Several river water samples were collected at different points from Rietspruit river (Sebokeng, South Africa) and Vaal River (Vaal, South Africa). Water samples at Rietspruit river were collected from upstream (before the wastewater treatment plant (WWTP); sample ID: RRU S1-4) and downstream (after WWTP; sample ID: RRD S5-7). Water samples at Vaal River were collected before (VRB S8 and S9) and after (VRA S10) Rietspruit river joins Vaal river, as well as downstream (VRD S11 and VRD S12). The physicochemical characteristics of water samples are summarized in Table S4. The river water samples were collected in 1000 mL amber glass bottles, kept in refrigerator at 4 °C for 5 days until analysis (the analysis of sample was done within one week). To eliminate particulates and suspended solids, water samples were filtered through 0.22 μm PVDF filter membranes before subjected to the optimised method.

Quality assurance/quality control (QA/QC)

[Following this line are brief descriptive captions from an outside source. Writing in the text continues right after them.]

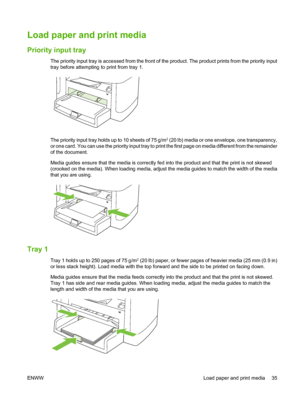 Page 45Load paper and print media
Priority input tray
The priority input tray is accessed from the front of the product. The product prints from the priority input
tray before attempting to print from tray 1.
The priority input tray holds up to 10 sheets of 75 g/m2 (20 lb) media or one envelope, one transparency,
or one card. You can use the priority input tray to print the first page on media different from the remainder
of the document.
Media guides ensure that the media is correctly fed into the product and...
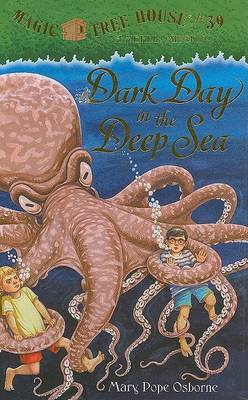 Book cover for Magic Tree House #39: Dark Day In The Deep Sea (Li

The Quality assurance/ Quality control of the developed method was done according to21. Blank samples were analysed using HPLC–DAD and LC–MS and there was no analyte of interests detected in the blank samples. These results gave guarantee that blank correction from all the examined water samples was not crucial for the developed method. When the water samples were analysed, standard solutions of the individual analytes at the concentration range 10–200 ng/L were prepared and analysed as QA/QC samples. Blank samples followed in the same way to real water samples and the above-stated QA/QC standard solutions were analysed with the HPLC–DAD after every tenth sample. When samples were lower than ten, the QA/QC procedure was followed every three samples.

Reusability

Reusability and regeneration studies for PET based UIO-66(Zr) were done by performing a series of adsorption–desorption experiments followed by washing and drying of PET based UIO-66(Zr). Firstly, 19 mg of the sorbent was added into a glass bottle, then 5 mL of the synthetic sample was added into the glass bottle. The mixture was then sonicated for 30 min, then eluted with 750 µL of methanol. The eluent was analysed using HPLC–DAD. The used sorbent was washed with ultrapure water followed by ethanol and dried in an oven at 60 °C. The sorbent was then used for the following extraction and elution cycles.

Conclusion

A quick, simple, and sensitive technique was designed and used for simultaneous preconcentration and extraction of different steroid hormones from river water samples. PET based UIO-66(Zr) was successfully synthesized and characterized then used for the solid phase microextraction. PET based UIO-66(Zr) showed to have great affinity towards the steroid hormones. The designed DSPE-HPLC–DAD method showed to be linear over a wide concentration range, precise, reproducible, and accurate. Furthermore, the designed method resulted into lower LODs and LOQs in comparison to other reported methods. PET based UIO-66(Zr) indicated to have high adsorption capacities towards the analytes in the range of 239–279 mg/g. The surface area of the was found to be 1311 m2 g−1 with a pore volume and an average pore size of 0.62 m3 g−1 and 3.76 nm, respectively. Hydrocortisone was detected in higher concentrations in Vaal River and Rietspruit river. Various adsorption mechanisms such as electrostatic interactions, hydrogen bonding, the π–π stackings were found to be leading most of the adsorption processes between the interaction of the steroid hormones and the PET based UIO-66(Zr). Finally, through regeneration studies, PET based UIO-66(Zr) was found to be reusable and regenerable for up to 4 cycles and leeching studies showed that the material does not leech in water.